Nesse caso, então, o que a grande empresa não pode fazer, a pequena faz por ela: paga pouco, sonega direitos, usa máquinas velhas e perigosas, ignora normas de prevenção de acidentes. E tudo isso, naturalmente, barateia os contratos: a pequena passa a ter condições de cobrar da grande um preço menor pelas peças que fabrica.
Ora, ao pagar um preço menor, a grande empresa se faz cúmplice das práticas aviltantes da pequena. E esse aviltamento, imposto indiretamente pela primeira, pode se tornar verdadeira condição de sobrevivência da segunda, que trava uma luta de morte com outras candidatas a parceiras.
Esse fenômeno, ao recrudescer, trouxe de volta realidades que pareciam em declínio – como o trabalho escravo ou infantil; e pôs em contato, em relação de simbiose, empresas de ponta com fazendas ou oficinas clandestinas.
Essa mistura - do grande com o pequeno, do velho com o novo, do robô com o operário, do empregado de avental branco com o lavrador descalço ou o imigrante sem papéis – pode sugerir uma transição entre dois modelos; estaríamos, assim, vivendo um presente ainda impreciso, a meio caminho entre o passado e o futuro. Mas também é possível concluir, inversamente, que o novo modelo é exatamente isso, essa mistura, o que indicaria que o futuro já chegou.
De todo modo, como eu dizia, esse modo de organizar a empresa – se considerado em si mesmo - nada tem de particularmente degradante. Por mais que seja recorrente, a precariedade é circunstancial. Não compõe necessariamente o modelo. Aliás, aqui ou ali, a situação pode até se inverter, como acontece ou acontecia (só para citar um exemplo famoso) na chamada “Terceira Itália”[6].
Por isso, nessa forma de terceirização, é possível corrigir certos efeitos, pelo menos do ponto de vista do homem trabalhador, visto individualmente. Basta aplicarmos o art. 2º §2º da CLT, que trata do grupo econômico, com os cuidados de elastecermos o conceito de grupo e de concluirmos pela presença de um empregador único.[7]

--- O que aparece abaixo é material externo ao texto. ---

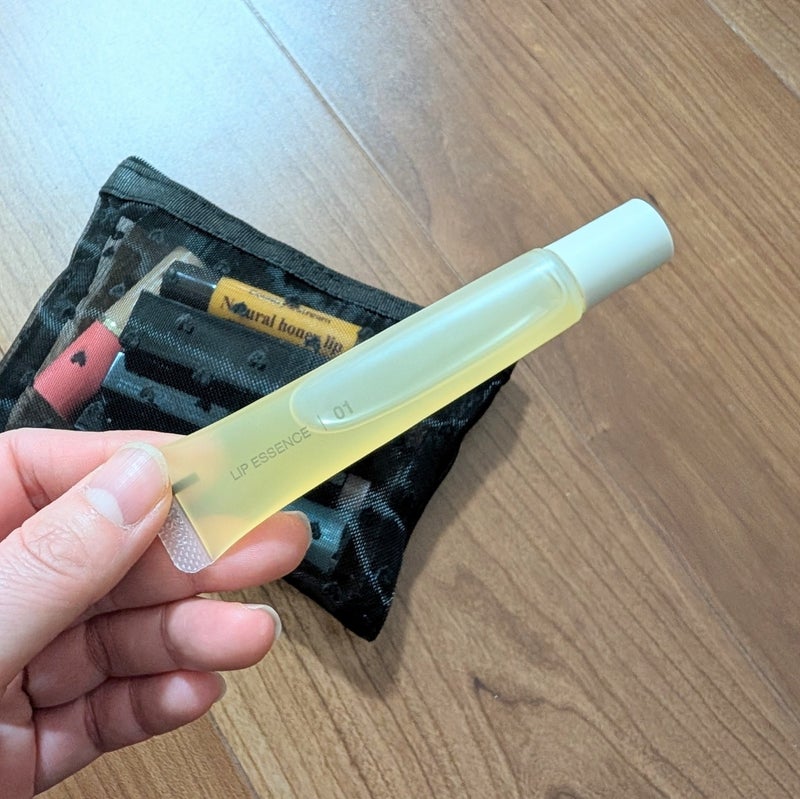 無印リップエッセンスとポーチ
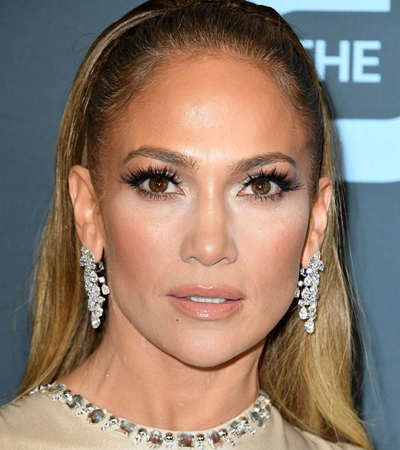 مكياج نجمات Critics’ Choice Awards بين الناعم والعيون الملوّنة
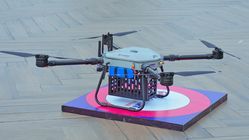 XLSMART dan ASTRAtech Rilis Drone Cerdas Berbasis 5G
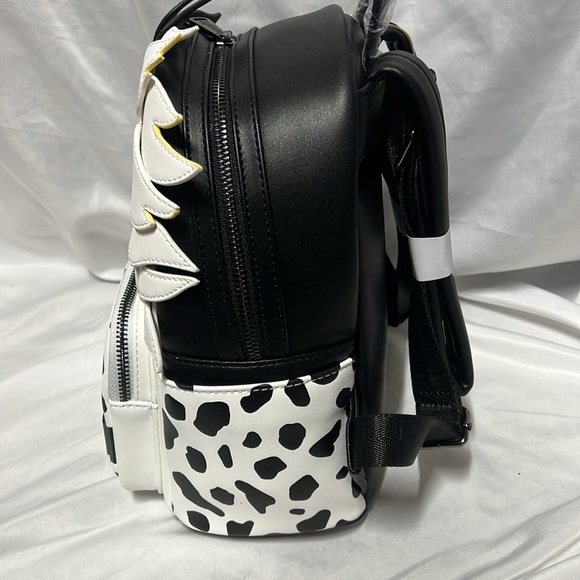 Loungefly Backpack Cruella De Vil DISNEY 101 DALMATIONS Standard Size. main image 4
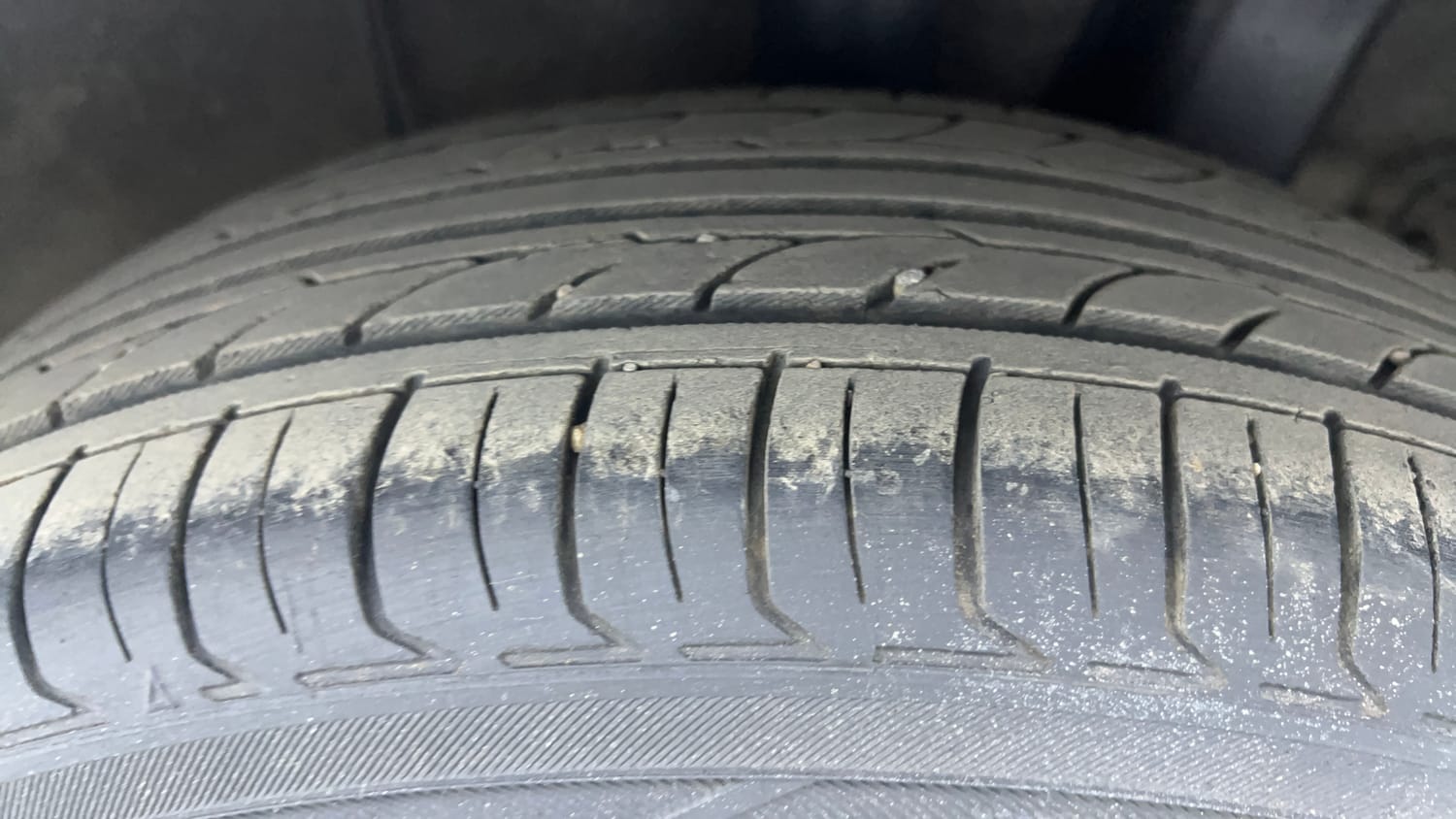 Used 2015 Hyundai Xcent S 1.2 (O) Petrol Manual tyres LEFT REAR TYRE TREAD VIEW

Permanece, é verdade, aquele outro efeito, relacionado com o coletivo. Quanto mais a empresa se parte, mais ela reparte objetivamente a classe operária, ainda que cada segmento possa se manter subjetivamente unido. Mas essa é uma realidade com a qual o sindicato e o próprio Direito devem aprender a conviver, pois não se pode esperar que uma fábrica de bicicletas produza desde os seus pneus até as peças do câmbio ou o plástico dopisca pisca, e menos ainda que uma fábrica de cervejas também produza bicicletas.
Já na segunda forma de terceirizar, repito, as coisas são bem diferentes. O que se produz, aqui, não são parafusos ou geladeiras, mas o próprio trabalhador. Ele se coisifica da maneira mais completa possível. O empregador já não compra ou aluga simplesmente a força de trabalho; aluga o trabalhador por inteiro – ossos, cérebro, músculos - e em seguida o subloca a outra empresa, ganhando na diferença de preço.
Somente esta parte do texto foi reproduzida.